WHAT THE TASK ASKS
Before copying, set the images aside; then transcribe every entry below exactly.

DATA
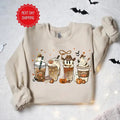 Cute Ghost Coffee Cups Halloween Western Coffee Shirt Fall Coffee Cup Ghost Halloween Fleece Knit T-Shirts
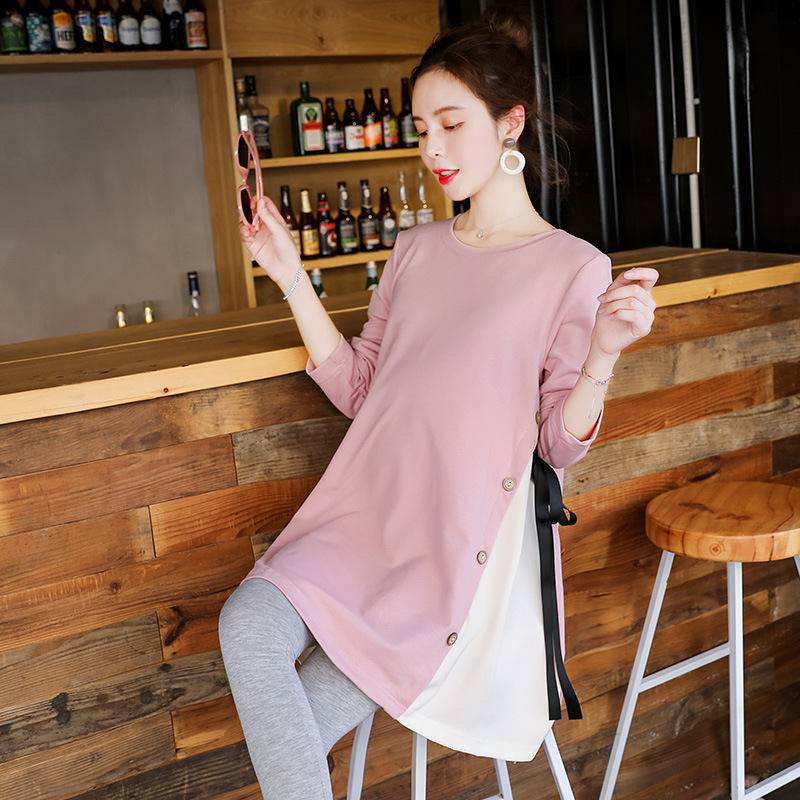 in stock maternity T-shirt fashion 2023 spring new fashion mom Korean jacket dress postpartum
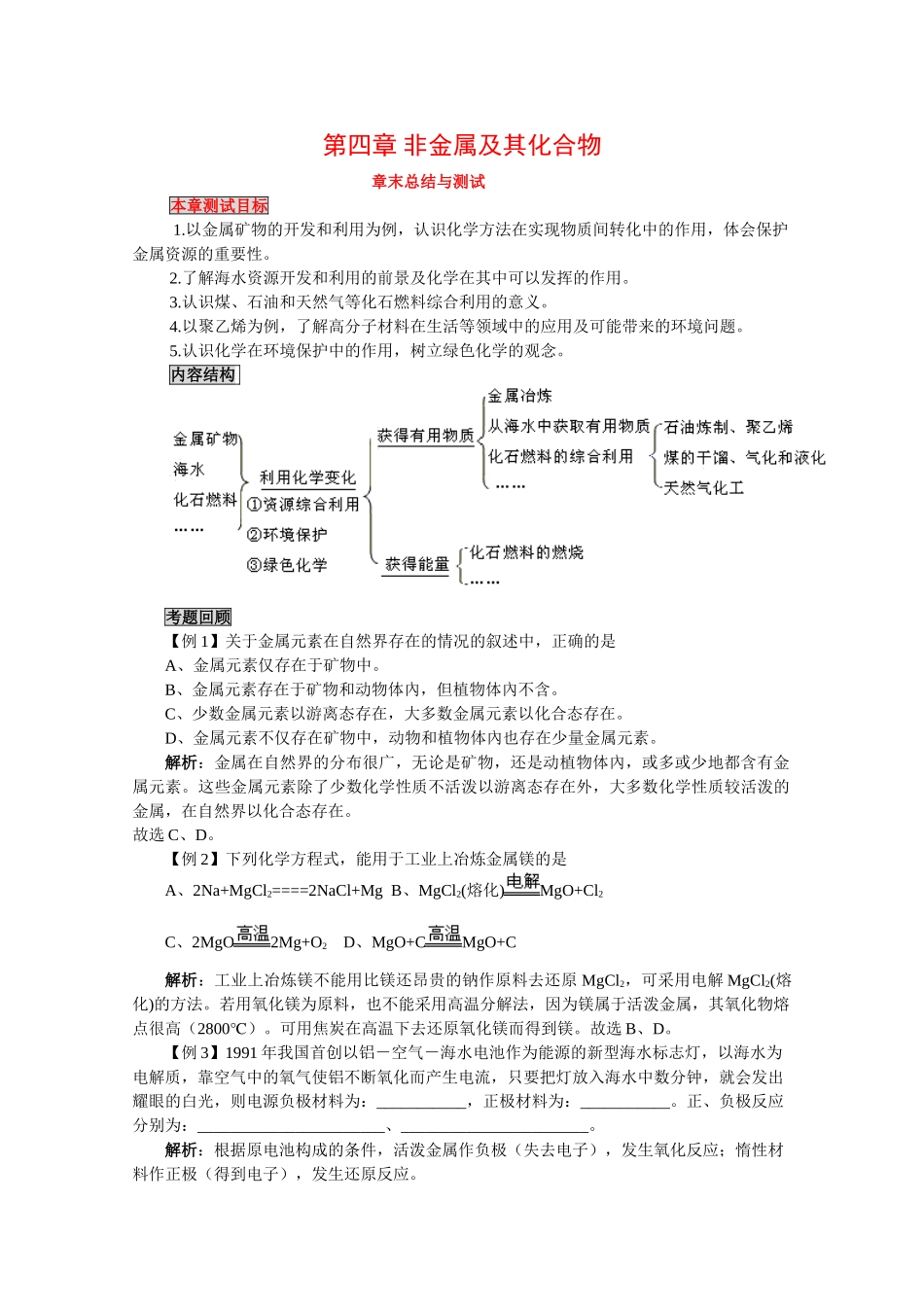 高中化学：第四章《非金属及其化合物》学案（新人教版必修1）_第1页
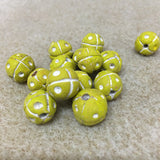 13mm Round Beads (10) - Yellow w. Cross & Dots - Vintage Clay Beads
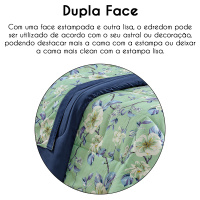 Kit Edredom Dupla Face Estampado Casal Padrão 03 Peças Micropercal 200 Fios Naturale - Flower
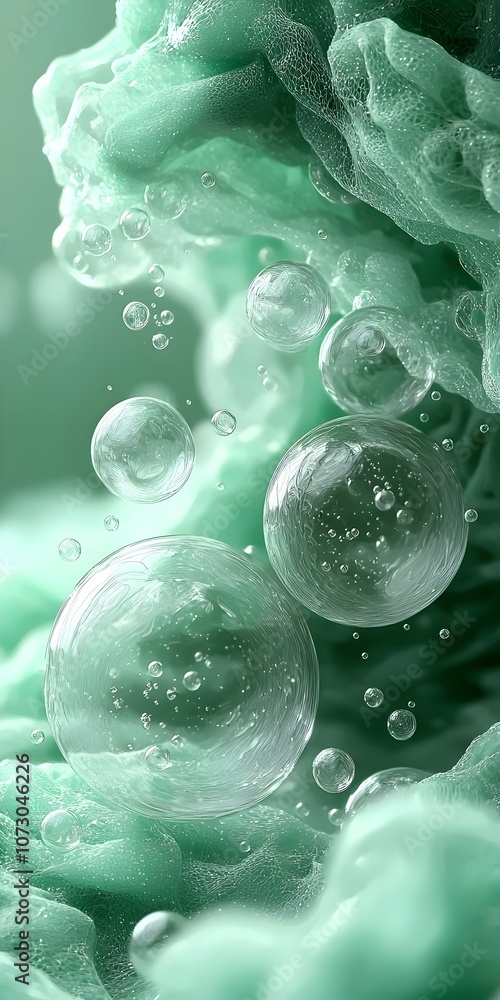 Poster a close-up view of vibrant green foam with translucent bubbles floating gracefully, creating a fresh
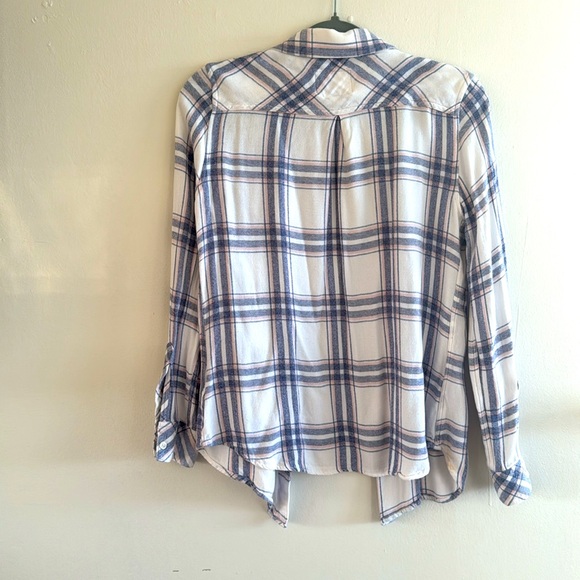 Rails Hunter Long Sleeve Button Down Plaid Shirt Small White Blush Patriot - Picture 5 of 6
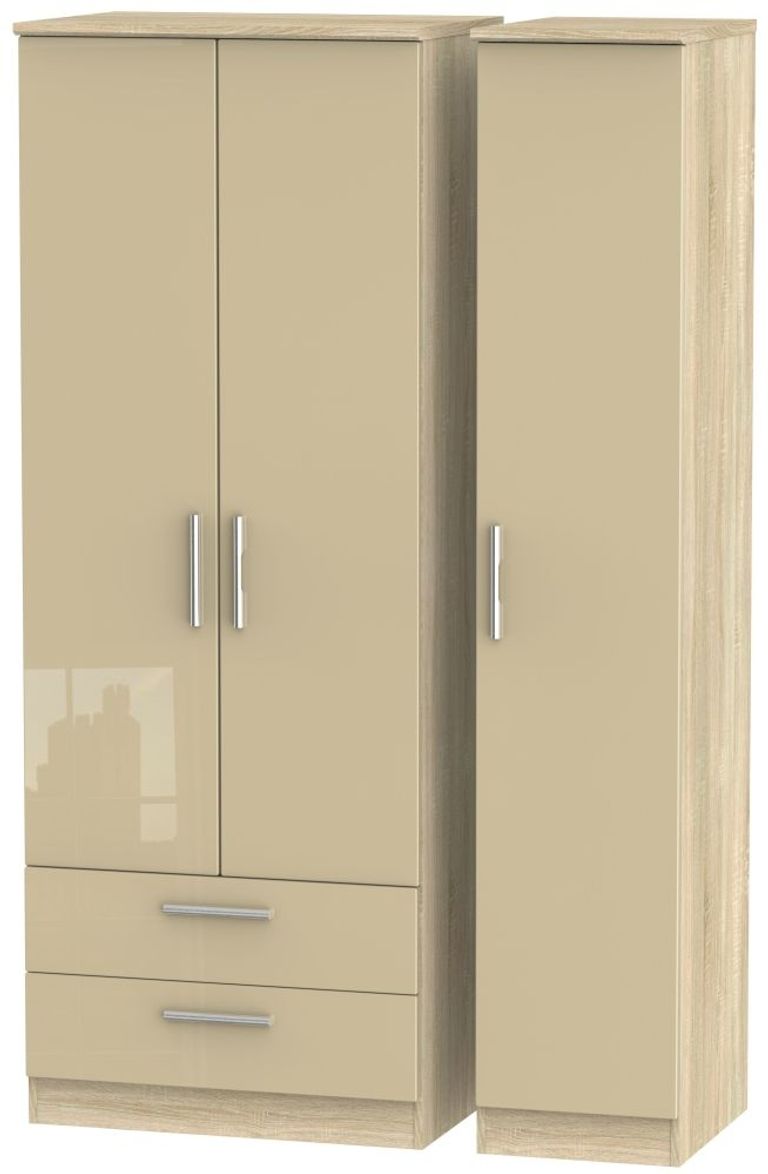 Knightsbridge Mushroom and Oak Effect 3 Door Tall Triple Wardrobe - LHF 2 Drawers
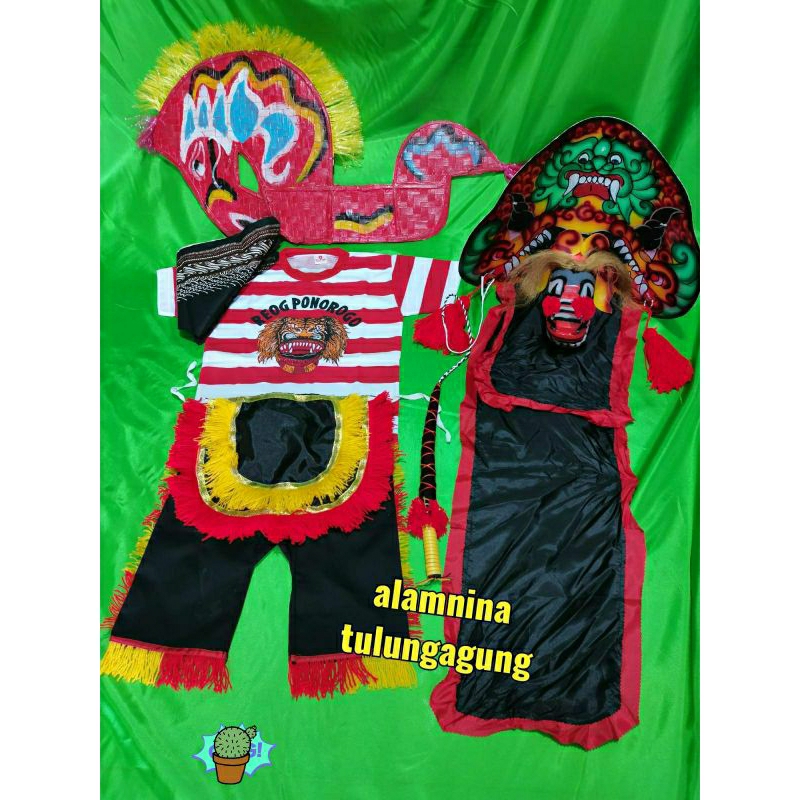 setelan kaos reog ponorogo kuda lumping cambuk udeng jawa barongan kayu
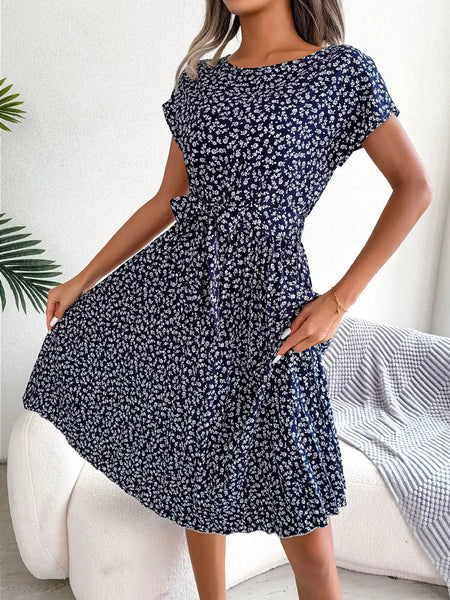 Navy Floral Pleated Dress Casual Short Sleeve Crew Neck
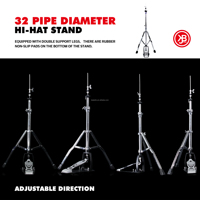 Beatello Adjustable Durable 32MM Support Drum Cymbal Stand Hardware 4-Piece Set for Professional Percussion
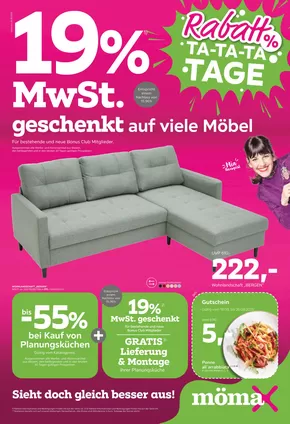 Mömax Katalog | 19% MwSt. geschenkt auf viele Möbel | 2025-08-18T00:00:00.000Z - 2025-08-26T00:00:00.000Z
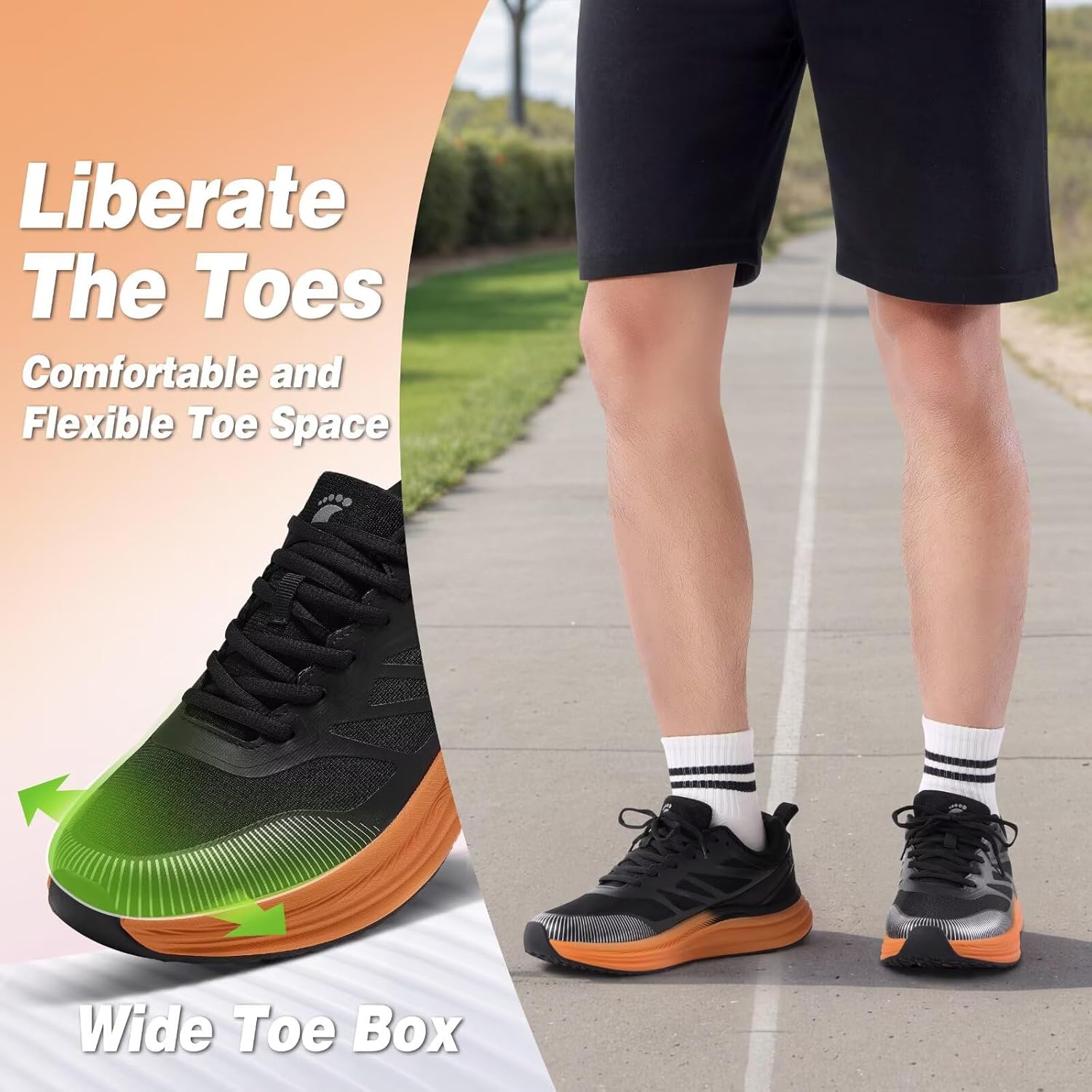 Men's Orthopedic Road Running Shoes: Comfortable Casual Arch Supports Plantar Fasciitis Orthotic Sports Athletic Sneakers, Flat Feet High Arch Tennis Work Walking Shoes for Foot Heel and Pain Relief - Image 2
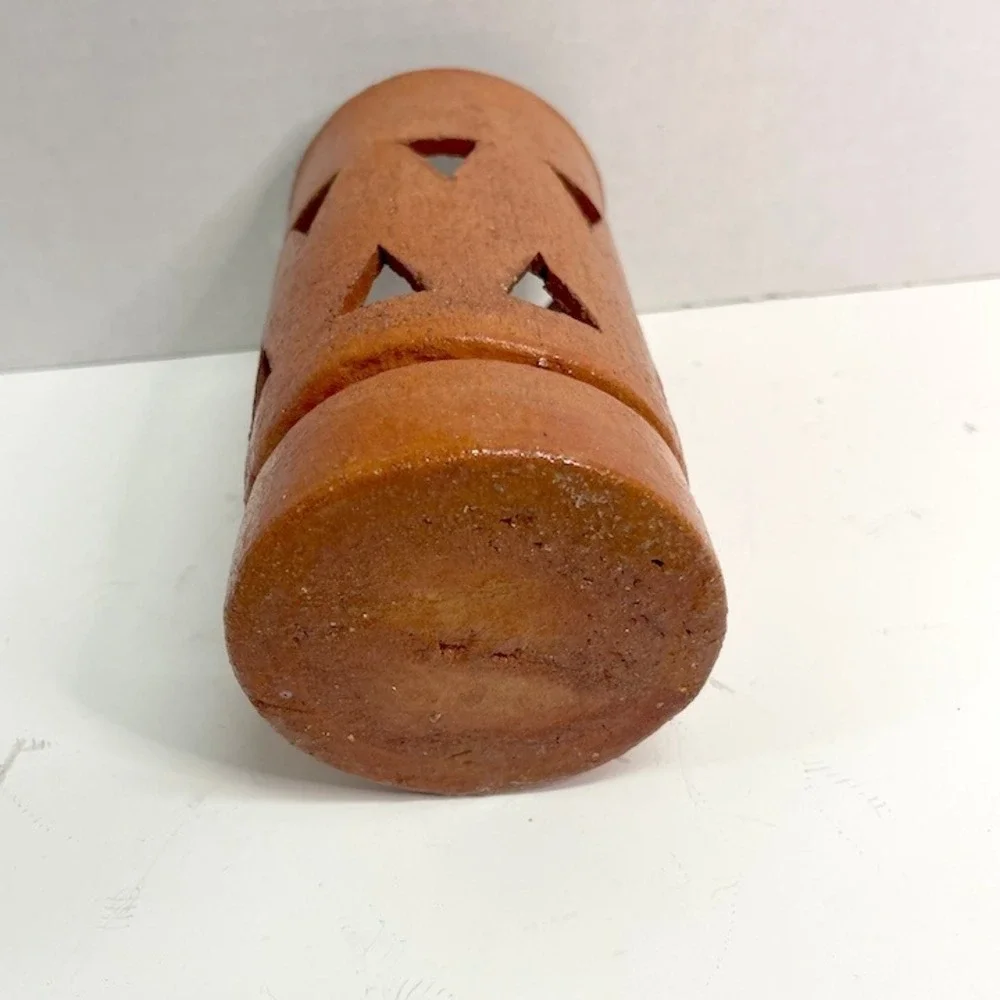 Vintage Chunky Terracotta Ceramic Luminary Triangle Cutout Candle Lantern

ANSWER SECTION
 Cute Ghost Coffee Cups Halloween Western Coffee Shirt Fall Coffee Cup Ghost Halloween Fleece Knit T-Shirts
 in stock maternity T-shirt fashion 2023 spring new fashion mom Korean jacket dress postpartum
 高中化学：第四章《非金属及其化合物》学案（新人教版必修1）_第1页
 13mm Round Beads (10) - Yellow w. Cross & Dots - Vintage Clay Beads
 Kit Edredom Dupla Face Estampado Casal Padrão 03 Peças Micropercal 200 Fios Naturale - Flower
 Poster a close-up view of vibrant green foam with translucent bubbles floating gracefully, creating a fresh
 Rails Hunter Long Sleeve Button Down Plaid Shirt Small White Blush Patriot - Picture 5 of 6
 Knightsbridge Mushroom and Oak Effect 3 Door Tall Triple Wardrobe - LHF 2 Drawers
 setelan kaos reog ponorogo kuda lumping cambuk udeng jawa barongan kayu
 Navy Floral Pleated Dress Casual Short Sleeve Crew Neck
 Beatello Adjustable Durable 32MM Support Drum Cymbal Stand Hardware 4-Piece Set for Professional Percussion
 Mömax Katalog | 19% MwSt. geschenkt auf viele Möbel | 2025-08-18T00:00:00.000Z - 2025-08-26T00:00:00.000Z
 Men's Orthopedic Road Running Shoes: Comfortable Casual Arch Supports Plantar Fasciitis Orthotic Sports Athletic Sneakers, Flat Feet High Arch Tennis Work Walking Shoes for Foot Heel and Pain Relief - Image 2
 Vintage Chunky Terracotta Ceramic Luminary Triangle Cutout Candle Lantern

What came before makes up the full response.